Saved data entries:
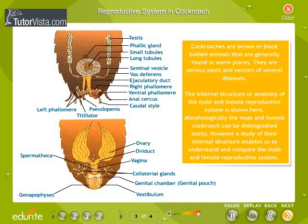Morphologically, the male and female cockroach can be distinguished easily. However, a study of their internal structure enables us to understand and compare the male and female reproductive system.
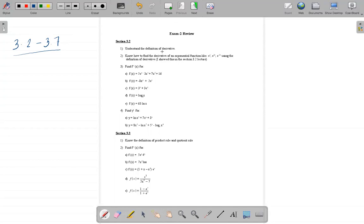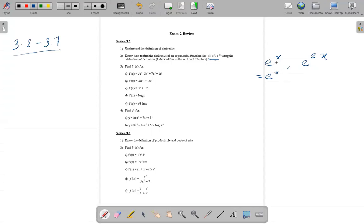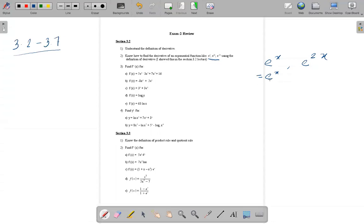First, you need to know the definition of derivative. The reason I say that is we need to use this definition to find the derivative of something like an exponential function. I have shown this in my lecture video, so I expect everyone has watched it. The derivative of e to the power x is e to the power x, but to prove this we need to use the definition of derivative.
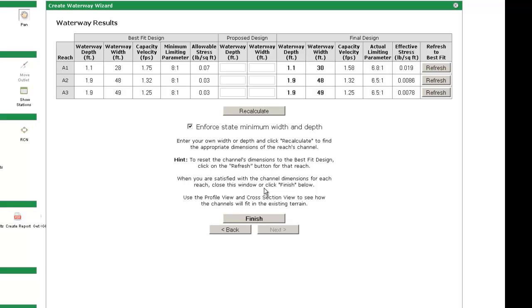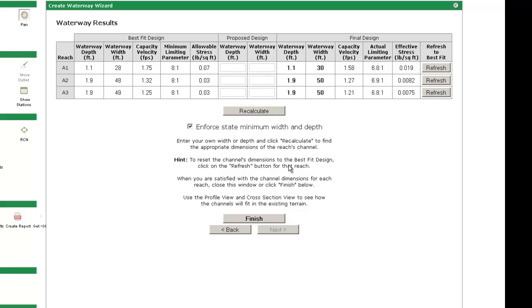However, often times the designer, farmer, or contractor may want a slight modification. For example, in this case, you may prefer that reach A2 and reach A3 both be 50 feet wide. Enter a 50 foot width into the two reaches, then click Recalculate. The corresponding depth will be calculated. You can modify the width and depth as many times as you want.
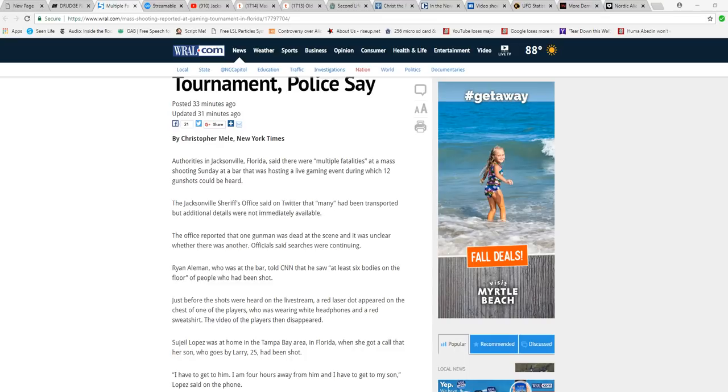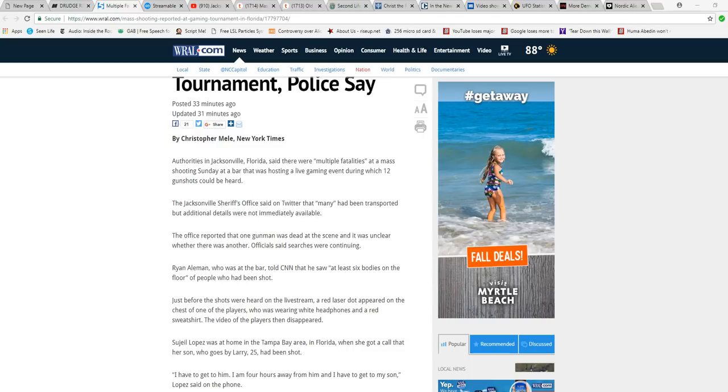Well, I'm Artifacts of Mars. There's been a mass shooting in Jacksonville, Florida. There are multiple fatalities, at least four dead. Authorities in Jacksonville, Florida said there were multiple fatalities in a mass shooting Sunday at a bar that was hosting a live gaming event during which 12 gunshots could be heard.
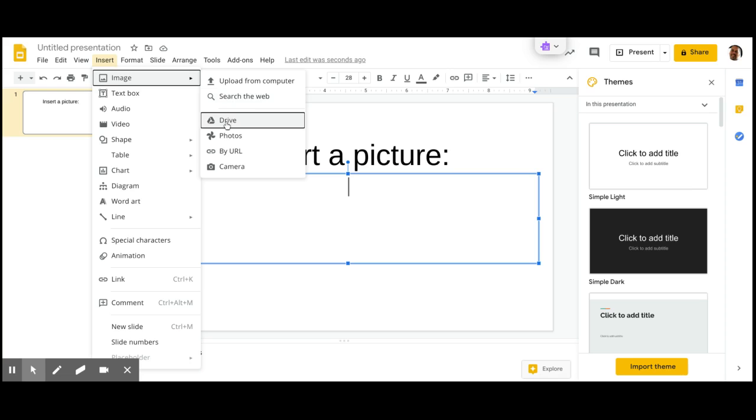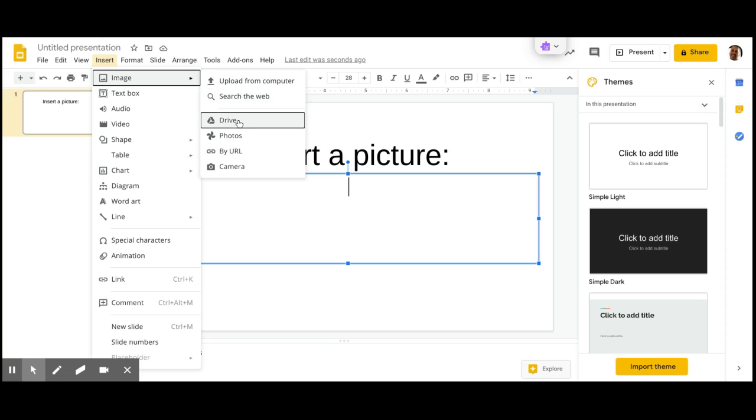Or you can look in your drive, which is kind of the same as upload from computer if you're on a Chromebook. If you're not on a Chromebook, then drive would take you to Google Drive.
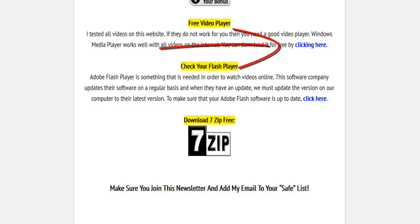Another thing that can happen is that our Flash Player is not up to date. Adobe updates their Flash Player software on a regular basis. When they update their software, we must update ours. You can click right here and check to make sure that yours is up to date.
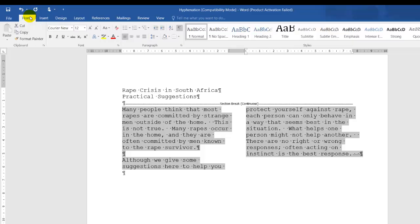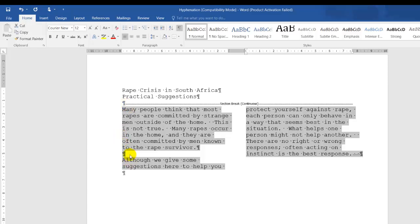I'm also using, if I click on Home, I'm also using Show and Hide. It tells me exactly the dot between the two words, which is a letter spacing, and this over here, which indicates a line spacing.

Description of the task: Output every line above exactly as it stands, and drop any picture.

Answer for the task:
Morphologically, the male and female cockroach can be distinguished easily. However, a study of their internal structure enables us to understand and compare the male and female reproductive system.
First, you need to know the definition of derivative. The reason I say that is we need to use this definition to find the derivative of something like an exponential function. I have shown this in my lecture video, so I expect everyone has watched it. The derivative of e to the power x is e to the power x, but to prove this we need to use the definition of derivative.
However, often times the designer, farmer, or contractor may want a slight modification. For example, in this case, you may prefer that reach A2 and reach A3 both be 50 feet wide. Enter a 50 foot width into the two reaches, then click Recalculate. The corresponding depth will be calculated. You can modify the width and depth as many times as you want.
Well, I'm Artifacts of Mars. There's been a mass shooting in Jacksonville, Florida. There are multiple fatalities, at least four dead. Authorities in Jacksonville, Florida said there were multiple fatalities in a mass shooting Sunday at a bar that was hosting a live gaming event during which 12 gunshots could be heard.
Or you can look in your drive, which is kind of the same as upload from computer if you're on a Chromebook. If you're not on a Chromebook, then drive would take you to Google Drive.
Another thing that can happen is that our Flash Player is not up to date. Adobe updates their Flash Player software on a regular basis. When they update their software, we must update ours. You can click right here and check to make sure that yours is up to date.
I'm also using, if I click on Home, I'm also using Show and Hide. It tells me exactly the dot between the two words, which is a letter spacing, and this over here, which indicates a line spacing.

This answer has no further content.